Smith: Ah… [many voices and orchestra music gets louder, as though a door is opening]
[Crowd noise; music and applause; shouts of “encore”]
Dale: Say, ain’t there a crowd here?
Goodwin: Yes, and there’s Esther Levi, she weighs 300 pounds; she’s a crowd alone.
Dale: Look at Ike Greenburg; he’s wearing a four-in-hand tie and russet shoes with a full-dress suit on! [Laughs]
Goodwin: Let him alone, he thinks he’s at a masquerade ball.
Smith: There’s now Mrs. Lefkowitz. You remember how thin her face looked last month? Give a look at her now. Ain’t her face renovating beautifully?
Goodwin: Yah, sure, the ceremony is [commencing]
[Voices and music “Wedding March” shouts of “Mazel tov”]
Kaufman: Look at Sam Siegel, his pants is so baggy at the knees, he looks just like he’s going to give a joke.[ii]
Goodwin: Ah, and there’s Meyer Cohen, the bridegroom. He looks just like he stepped out of a band box.
Smith: Sure; when you hire a full-dress suit from Minsky, you look just like a Beau Brummel. That’s what his sign reads.
Dale: My, what a lovely figure the bride has.
Goodwin: Vhere, in the bank?
Kaufman?: Oh, lucky Meyer.
[Crowd noise; glass breaking, shouts of “mazel tov’; Music – “Mazel tov”; crowd singing and dancing]
Smith: Ladies and gents, now comes the grand march for supper. Please don’t push or shove. But remember ‘safety foist.’
[Crowd noise; sound of plates being picked up]
Kaufman: Hey don’t push me; ain’t you?
Goodwin: It ain’t me, it’s someone behind me must be starving from hunger.
Smith: Oh, here we are; the dining room.
Dale: Hey waiter, hand the soup over here.
Goodwin: Say waiter, would you please hand me the fish over here?
Kaufman: Say waiter, would you please hand me the chicken over here?
Smith: What do you all think I am – a octopus?
Dale: Boys, let’s sing of a toast to the bridegroom, eh?
[Voices tuning up; singing, “For he was a jolly good bachelor.”]
Dale: Who was?
Goodwin: Meyer Cohan.
Smith: So, well?
Ensemble: Well, he’s a [poor fool?] now.
Goodwin: Telegram for Mr. and Mrs. Meyer Cohen
[Voices: “Read it,” etc.]
Smith: Wait a minute, please. [Reading] To Mr. and Mrs. Meyer Cohen, May your life be neutral. [signed] Mr. and Mrs. Ludlow Wilsonsky. [applause, etc.] To Mr. and Mrs. Meyer Cohen, May all your troubles be little ones. [signed] Mr. and Mrs. Theodore Rosenfeld. [applause, etc.] To Mr. and Mrs. Meyer Cohen, When your wife throws a shoe at you, all you should say is “God bless you.” [signed] Willie and Jennie Bryanovich. [applause]

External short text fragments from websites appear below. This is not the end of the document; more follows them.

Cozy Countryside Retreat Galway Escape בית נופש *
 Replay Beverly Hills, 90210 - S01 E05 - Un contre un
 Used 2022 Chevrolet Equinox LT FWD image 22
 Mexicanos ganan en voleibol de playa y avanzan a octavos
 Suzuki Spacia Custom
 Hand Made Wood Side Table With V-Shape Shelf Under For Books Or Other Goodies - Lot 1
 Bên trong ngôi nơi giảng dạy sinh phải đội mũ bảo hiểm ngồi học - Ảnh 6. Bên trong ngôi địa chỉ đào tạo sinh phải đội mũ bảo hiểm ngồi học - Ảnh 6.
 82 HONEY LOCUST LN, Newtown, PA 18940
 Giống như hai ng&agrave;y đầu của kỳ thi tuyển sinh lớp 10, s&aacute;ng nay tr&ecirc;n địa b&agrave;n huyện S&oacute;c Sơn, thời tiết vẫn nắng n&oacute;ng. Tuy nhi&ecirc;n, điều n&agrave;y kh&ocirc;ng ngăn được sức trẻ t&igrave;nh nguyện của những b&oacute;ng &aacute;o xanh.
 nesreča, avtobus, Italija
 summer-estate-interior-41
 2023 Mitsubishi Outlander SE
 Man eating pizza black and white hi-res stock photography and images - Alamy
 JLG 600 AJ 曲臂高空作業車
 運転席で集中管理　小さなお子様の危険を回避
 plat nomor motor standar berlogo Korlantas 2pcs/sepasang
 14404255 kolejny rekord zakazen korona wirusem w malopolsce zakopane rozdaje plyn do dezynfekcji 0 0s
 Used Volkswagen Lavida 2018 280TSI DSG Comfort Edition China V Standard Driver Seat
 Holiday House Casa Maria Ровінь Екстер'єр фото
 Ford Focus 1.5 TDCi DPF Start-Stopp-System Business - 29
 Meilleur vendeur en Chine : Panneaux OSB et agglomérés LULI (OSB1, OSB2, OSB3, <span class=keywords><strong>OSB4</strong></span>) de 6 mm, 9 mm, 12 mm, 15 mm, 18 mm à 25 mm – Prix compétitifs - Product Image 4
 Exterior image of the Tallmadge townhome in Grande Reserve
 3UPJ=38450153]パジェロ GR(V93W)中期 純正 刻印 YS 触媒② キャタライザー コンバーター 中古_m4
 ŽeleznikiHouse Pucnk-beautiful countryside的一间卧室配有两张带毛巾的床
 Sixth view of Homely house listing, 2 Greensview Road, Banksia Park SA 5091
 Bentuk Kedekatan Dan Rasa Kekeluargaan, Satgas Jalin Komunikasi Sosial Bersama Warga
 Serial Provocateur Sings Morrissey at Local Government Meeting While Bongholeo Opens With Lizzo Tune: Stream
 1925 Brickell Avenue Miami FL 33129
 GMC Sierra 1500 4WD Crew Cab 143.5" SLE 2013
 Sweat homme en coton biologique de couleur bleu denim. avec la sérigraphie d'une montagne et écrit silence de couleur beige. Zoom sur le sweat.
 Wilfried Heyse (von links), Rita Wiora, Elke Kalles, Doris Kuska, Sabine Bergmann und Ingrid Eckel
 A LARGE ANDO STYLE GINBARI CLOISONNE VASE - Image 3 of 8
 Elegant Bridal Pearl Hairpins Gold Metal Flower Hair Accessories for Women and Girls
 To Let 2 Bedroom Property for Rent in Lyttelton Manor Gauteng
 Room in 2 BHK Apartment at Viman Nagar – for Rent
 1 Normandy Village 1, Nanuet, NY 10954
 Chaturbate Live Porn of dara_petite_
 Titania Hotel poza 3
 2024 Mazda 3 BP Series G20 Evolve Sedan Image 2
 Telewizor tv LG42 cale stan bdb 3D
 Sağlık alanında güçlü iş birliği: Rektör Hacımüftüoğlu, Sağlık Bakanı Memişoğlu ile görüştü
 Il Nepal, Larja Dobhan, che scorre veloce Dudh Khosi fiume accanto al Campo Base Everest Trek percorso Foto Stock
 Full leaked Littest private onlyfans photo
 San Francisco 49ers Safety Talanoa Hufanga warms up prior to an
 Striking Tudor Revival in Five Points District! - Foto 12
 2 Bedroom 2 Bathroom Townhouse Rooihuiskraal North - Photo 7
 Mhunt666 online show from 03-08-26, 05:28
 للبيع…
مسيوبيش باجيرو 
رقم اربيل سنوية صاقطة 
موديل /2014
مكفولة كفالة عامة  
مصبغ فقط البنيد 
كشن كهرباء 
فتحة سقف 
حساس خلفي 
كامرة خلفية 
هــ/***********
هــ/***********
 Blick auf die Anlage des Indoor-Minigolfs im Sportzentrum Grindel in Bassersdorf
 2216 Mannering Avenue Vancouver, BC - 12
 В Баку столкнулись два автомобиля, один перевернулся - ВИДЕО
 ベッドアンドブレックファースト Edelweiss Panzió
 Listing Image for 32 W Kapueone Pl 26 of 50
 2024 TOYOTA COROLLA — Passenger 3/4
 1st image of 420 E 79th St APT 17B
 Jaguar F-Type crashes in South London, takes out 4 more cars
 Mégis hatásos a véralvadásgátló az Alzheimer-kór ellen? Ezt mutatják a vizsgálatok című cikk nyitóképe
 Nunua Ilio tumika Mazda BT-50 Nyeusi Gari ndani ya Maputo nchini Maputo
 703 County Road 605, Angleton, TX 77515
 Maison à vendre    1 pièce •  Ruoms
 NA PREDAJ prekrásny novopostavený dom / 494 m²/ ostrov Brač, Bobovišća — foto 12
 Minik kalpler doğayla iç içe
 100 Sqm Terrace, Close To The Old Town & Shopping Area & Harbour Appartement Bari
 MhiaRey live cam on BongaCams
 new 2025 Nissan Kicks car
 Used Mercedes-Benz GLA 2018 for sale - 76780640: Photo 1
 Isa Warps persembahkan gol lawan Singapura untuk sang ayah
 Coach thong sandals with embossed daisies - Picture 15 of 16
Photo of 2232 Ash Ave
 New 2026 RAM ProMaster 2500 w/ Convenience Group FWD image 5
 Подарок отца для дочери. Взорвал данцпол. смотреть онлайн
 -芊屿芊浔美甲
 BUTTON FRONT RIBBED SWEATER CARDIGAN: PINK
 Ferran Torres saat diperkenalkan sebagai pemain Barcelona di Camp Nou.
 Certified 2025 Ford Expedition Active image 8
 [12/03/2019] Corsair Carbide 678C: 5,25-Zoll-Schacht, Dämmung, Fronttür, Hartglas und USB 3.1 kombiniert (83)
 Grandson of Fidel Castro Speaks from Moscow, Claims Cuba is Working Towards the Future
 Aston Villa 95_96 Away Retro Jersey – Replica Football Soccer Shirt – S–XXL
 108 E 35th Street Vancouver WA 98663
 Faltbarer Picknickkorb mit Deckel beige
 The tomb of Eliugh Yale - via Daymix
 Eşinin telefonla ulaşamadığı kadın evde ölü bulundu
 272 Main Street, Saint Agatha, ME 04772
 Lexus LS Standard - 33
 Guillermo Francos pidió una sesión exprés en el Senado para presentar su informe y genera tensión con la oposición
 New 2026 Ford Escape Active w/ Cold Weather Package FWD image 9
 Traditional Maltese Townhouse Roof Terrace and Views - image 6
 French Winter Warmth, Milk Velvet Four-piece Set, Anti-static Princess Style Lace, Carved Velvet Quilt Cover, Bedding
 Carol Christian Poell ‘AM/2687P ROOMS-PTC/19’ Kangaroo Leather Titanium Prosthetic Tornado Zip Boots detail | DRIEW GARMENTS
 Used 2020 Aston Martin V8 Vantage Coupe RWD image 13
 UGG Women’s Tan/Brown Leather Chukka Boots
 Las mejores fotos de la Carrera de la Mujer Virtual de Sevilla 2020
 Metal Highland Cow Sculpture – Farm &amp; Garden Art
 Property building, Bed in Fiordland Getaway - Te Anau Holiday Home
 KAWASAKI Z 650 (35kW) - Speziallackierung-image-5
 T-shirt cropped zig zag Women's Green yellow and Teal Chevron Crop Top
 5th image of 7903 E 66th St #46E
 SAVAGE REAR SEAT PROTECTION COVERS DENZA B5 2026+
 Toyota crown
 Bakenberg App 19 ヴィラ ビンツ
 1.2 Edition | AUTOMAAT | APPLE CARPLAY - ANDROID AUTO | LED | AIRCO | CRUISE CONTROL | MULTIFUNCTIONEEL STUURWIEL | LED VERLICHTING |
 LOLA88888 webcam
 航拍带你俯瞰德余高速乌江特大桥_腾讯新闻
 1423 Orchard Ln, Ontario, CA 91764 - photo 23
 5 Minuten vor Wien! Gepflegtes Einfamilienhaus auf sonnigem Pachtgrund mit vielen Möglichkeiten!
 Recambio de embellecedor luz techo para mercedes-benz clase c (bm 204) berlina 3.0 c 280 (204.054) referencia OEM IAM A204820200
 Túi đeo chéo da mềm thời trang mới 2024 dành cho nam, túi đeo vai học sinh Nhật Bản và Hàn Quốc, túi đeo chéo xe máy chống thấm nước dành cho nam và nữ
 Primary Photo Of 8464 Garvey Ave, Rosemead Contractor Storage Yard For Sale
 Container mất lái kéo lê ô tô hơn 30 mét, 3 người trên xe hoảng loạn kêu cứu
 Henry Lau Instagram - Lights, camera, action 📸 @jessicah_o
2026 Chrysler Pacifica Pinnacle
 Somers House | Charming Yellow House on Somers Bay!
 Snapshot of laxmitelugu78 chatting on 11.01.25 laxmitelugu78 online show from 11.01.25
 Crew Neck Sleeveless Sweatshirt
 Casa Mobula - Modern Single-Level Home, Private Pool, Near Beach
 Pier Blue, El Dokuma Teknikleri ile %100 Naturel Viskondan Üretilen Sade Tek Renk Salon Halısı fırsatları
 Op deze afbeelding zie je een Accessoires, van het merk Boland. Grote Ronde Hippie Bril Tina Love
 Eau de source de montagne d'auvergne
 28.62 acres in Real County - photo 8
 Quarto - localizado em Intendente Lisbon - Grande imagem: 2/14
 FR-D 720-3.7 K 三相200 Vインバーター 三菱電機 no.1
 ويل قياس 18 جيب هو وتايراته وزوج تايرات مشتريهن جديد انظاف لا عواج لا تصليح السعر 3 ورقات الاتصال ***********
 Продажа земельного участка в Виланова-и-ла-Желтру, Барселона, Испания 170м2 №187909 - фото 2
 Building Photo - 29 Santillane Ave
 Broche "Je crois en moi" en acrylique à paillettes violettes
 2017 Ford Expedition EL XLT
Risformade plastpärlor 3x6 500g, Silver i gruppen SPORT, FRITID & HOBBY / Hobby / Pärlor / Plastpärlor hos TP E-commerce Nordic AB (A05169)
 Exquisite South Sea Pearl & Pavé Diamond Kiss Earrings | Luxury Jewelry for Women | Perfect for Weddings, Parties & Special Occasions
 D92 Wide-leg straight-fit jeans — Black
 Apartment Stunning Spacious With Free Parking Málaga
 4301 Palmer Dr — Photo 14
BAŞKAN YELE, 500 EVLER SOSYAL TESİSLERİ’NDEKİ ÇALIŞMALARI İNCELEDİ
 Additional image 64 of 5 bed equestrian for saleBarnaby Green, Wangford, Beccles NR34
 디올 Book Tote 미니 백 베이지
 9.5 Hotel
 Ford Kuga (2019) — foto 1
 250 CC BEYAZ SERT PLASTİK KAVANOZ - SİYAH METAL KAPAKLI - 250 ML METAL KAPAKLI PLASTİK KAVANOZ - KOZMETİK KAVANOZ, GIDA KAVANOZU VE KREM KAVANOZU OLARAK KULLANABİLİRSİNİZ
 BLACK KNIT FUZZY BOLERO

Goodwin: Say Ike, did you know this same Mrs. Cohen was once mein sweetheart, and that Meyer Cohen came along and stole her away from me? [Sound of plates being picked up.]
Kaufman: Oh I’ll bet you were so mad for what he did that you could kill him.
Goodwin: Mad? Why I’m so happy, I could kiss him!
To hear other recordings in the Library of Congress Recorded Sound Collection, visit us in-person at the Recorded Sound Research Center. To make an appointment, email us at [email protected] .
[i]Subsequent pressings use the correct title.
[ii] The final word of this line is somewhat indistinct. I am assuming “joke” since Kaufman is speaking of baggy pants, as in a baggy pants comic, i.e. a burlesque comedian.